Justice Sachar writes to Sheila: “Consumers will have to pay more for services”

A non-government organisation, the Water Privatisation-Commercialisation Resistance Committee (WPCRC), has written to Chief Minister Sheila Dikshit against privatising the water sector in the Capital. Drawing comparisons with privatisation of the power sector carried out earlier, the WPCRC has pointed out that bringing private companies into the water sector would mean consumers having to pay more for services.

“Private power supply companies in Delhi are offered a 16 per cent assured rate of return on their capital investment and operating costs, plus profit from operations. Profit from operations can be increased by buying power from the National Grid at a lower cost and selling it to consumers at a higher rate. Power supply companies buy less power and prioritise its sale to high-consumption clients who pay a higher consumption volumetric slab rate. This results in an artificial shortage of power in poor settlements and a surplus in richer colonies. Poor colonies with low per capita power consumption get less power, because the profit from providing power to these colonies is less,” the letter signed by Justice Rajinder Sachar, who is also the patron of WPCRC, said.

“Wiser from this experience,” the WPCRC has asked the Government to refrain from handing over supply services to the private sector “under the garb of public private partnership model”.

Hitting out at the Government for admitting to their inability to serve the people, the WPCRC said: “We are surprised when you claim that private companies would achieve what your Government could not. You have not explained so far why our public utility, the Delhi Jal Board, cannot deliver and how private companies can do a better job of supplying water.”

The WPCRC has raised questions about the feasibility of handing over services to private players, asking how the companies proposed to bridge the demand-supply gap, whose responsibility it will be to supply augmentation and whether it is government or the companies that will make the investment.

“What is ‘non-revenue water’? On what basis is it calculated? How reliable are estimates? To what extent can NRW be reduced by private companies and how? Why is the DJB unable to do the same? Does NRW include water being supplied to low-income settlements today as a social obligation and a human right for our poorer citizens?” the WPCRC has asked.

Attributing water shortage in the city to “inequality in distribution of water”, the WPCRC has alleged that while official bungalows in Lutyens’ Delhi and rooms in five-star hotels use thousands of litres of water daily, JJ clusters are supplied only 50 lpcd, which is inadequate considering that the Bureau of Indian Standard has fixed 160 lpcd for Delhi.

“The logic behind privatised 24x7 water supply schemes is that the colonies will be divided into District Metered Areas (DMA), and water would be provided to the DMAs by private companies at all times/days (24x7). The logic is that this will discourage storage and hoarding of water at the household level, thereby making water distribution more equitable and saving consumer costs in pumping and storage. But if there is already a shortage of water in many areas due to gross inequalities, how will the DJB provide water to the companies for 24x7 supply? It would only mean that private companies will run 24x7 schemes only in select colonies, the water for which will be obtained by depriving other localities,” the WPCRC letter said.
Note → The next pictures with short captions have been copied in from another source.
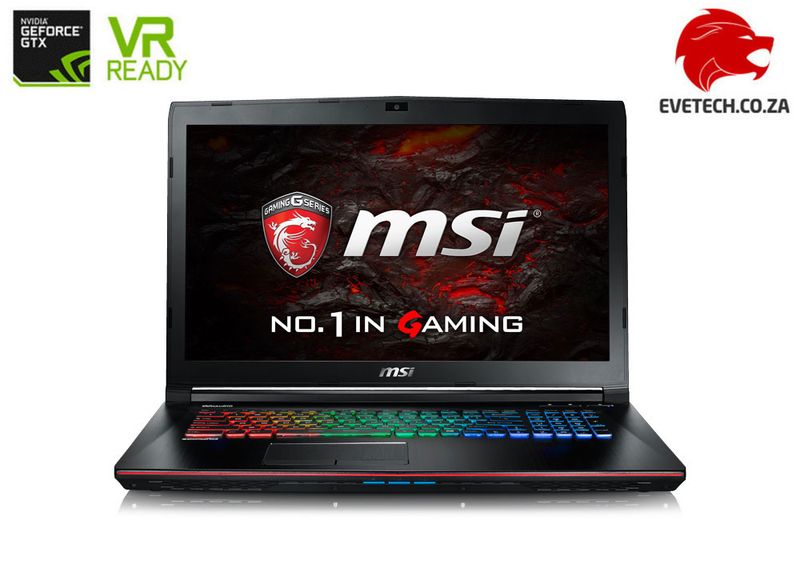 Laptop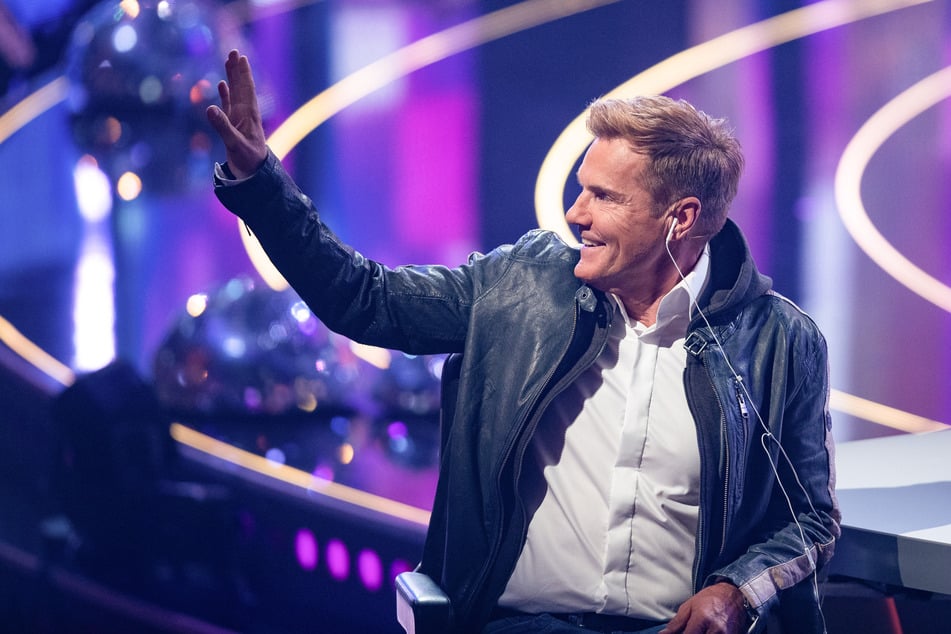 Seit dem 14. Januar ist Poptitan Dieter Bohlen (68) wieder bei ihm "Deutschland sucht den Superstar" am Jurypult.  Folgt bald eine eigene Show bei RTL?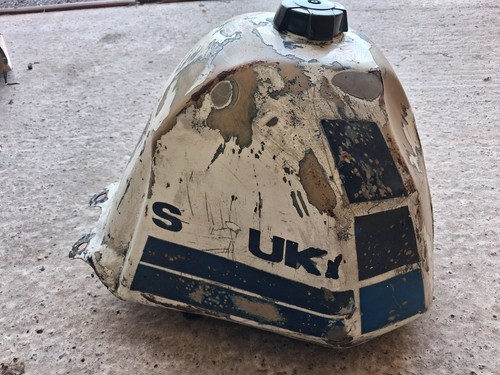 Suzuki dr600 sp600 sp - dr600,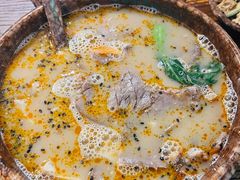 -玉祥府牛肉罩饼(金光道店)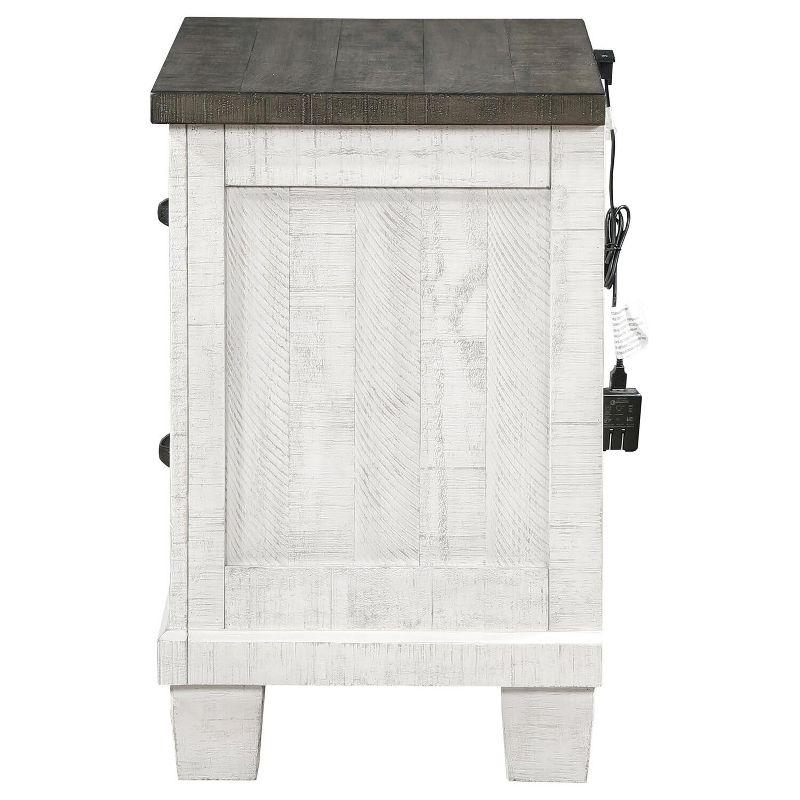 Coaster Home Furnishings NIGHTSTAND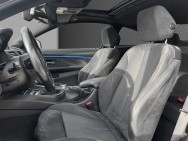 BMW d'occasion SERIE 4 420D LOUNGE de 2014 Poitiers (86)﻿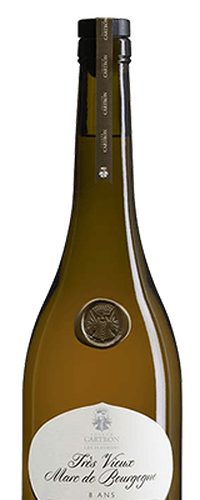 Cartron Marc De Bourgogne 8 Ans 0,70 ltr 42%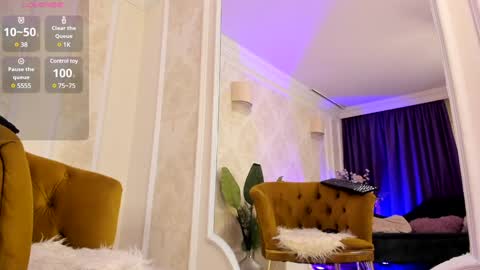 torri kitten online show from 01/15/25, 05:40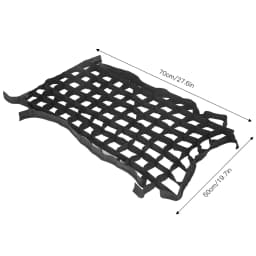 50x70cm Foldable Softbox Cellular Grid Mesh for Photography Shooting Studio Accessories Soft Light Grid for Softbox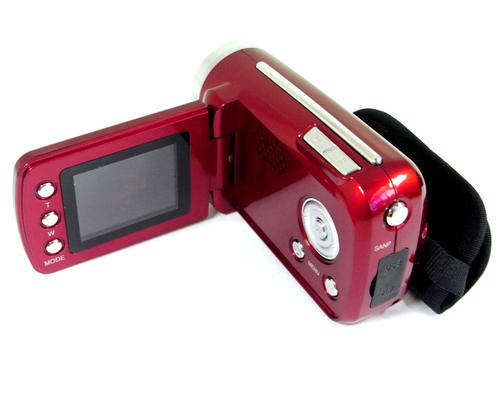 Mini Digital Video Cameras Camcorder DV DVR 12MP 4xZoom 1.8" LCD 139 Nice Gift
Alleging that the Government is keen on helping private companies, the WPCRC has pointed out that the three municipal corporations in Delhi have also demanded that water supply be handed over to them. “Jal Board should be looking into more worthwhile functions. It supplies 850 million gallons of drinking water per day more than its installed capacity. Its treatment facility provides for only 5.4 million gallons a day – the rest of the untreated water is one of the major sources of pollution of the Yamuna. We call on you to lift the veil over the agreements signed with private companies. What are the terms of agreement? What are the tariff hikes planned by the DJB? What are the profits companies expect to make? There is a total lack of transparency with regard to the privatisation of water services,” it has claimed.